We conducted a comprehensive study to assess the linearity of gene and isoform abundance reported by different RNA-seq quantification methods based on the performance how these quantifications fitted in a multiple regression linear model. From our analysis, we observed that abundance at both the gene and isoform level from different quantification methods exhibit distinct distribution patterns and thus give diverse results. Abundance reported in the units of counts gave poor linearity, demonstrated from the worst estimated parameters and intercept values of the model. This indicates the necessity of normalizing the abundance data prior the deconvolution analysis. In total, TPM reported by Salmon and Kallisto is the best abundance data for linear models as the estimated parameters are close to true mixture proportions and the fitted values are tightly linearly correlated to the sample’s measured abundance. Moreover, when comparing within the same quantification method at both gene and isoform levels, the correlation between the measured and models’ fitted values is lower at isoform level compared to gene level while the performance on estimating parameters of linear models are similar in both levels.

Methods

Dataset

The dataset used in this study is the RNA-seq data generated by the Sequencing Quality Control (SEQC) project. Raw data in fastq format were obtained from GEO website with accession number GSE47774. List of downloaded samples and their details is specified in Additional file 6: Table S1.
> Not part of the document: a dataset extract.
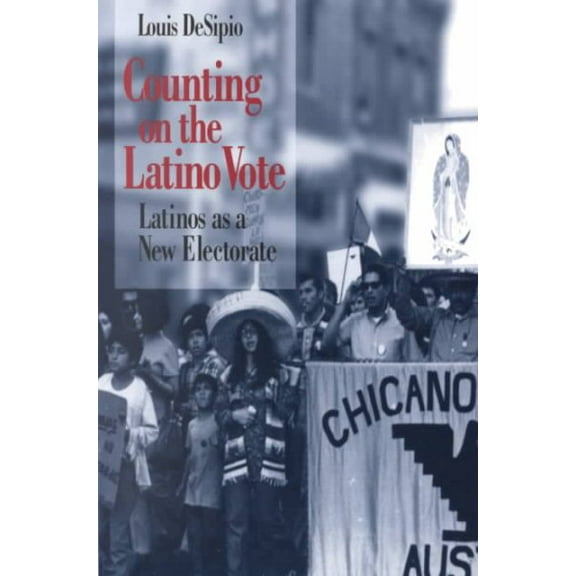 Race, Ethnicity, and Politics: Counting on the Latino Vote : Latinos as a New Electorate (Paperback)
Data quantification and analysis

Raw sequence reads from multiple lanes were first merged into one for each replicate of each sample. To prepare sequence map files for alignment-based quantification methods, the merged sequenced reads were mapped to human reference genome (hg19) using Tophat2 (version 2.1.0) with default parameters. The mapped files were then used by quantification methods HTSeq (version 0.6.1) to obtain count data, Cufflinks (versin 2.1.1) to obtain FPKM data. RSEM (version 1.2.31) will first mapped the raw reads using its default aligner Botwtie2 (version 2.1.0) onto human genome (hg19) and then estimate count, FPKM, and TPM. EdgeR (version 3.12.1) is used for count data transformation. Alignment-free quantification methods Kallisto (version 0.42.5) and Salmon (version 0.6.0) estimate the count and TPM data based on index built from human transcriptome (GRCh37). All the quantification methods were run at both the gene and isoform levels. All the statistical analysis and plots were carried out in R environment (version 3.2.3).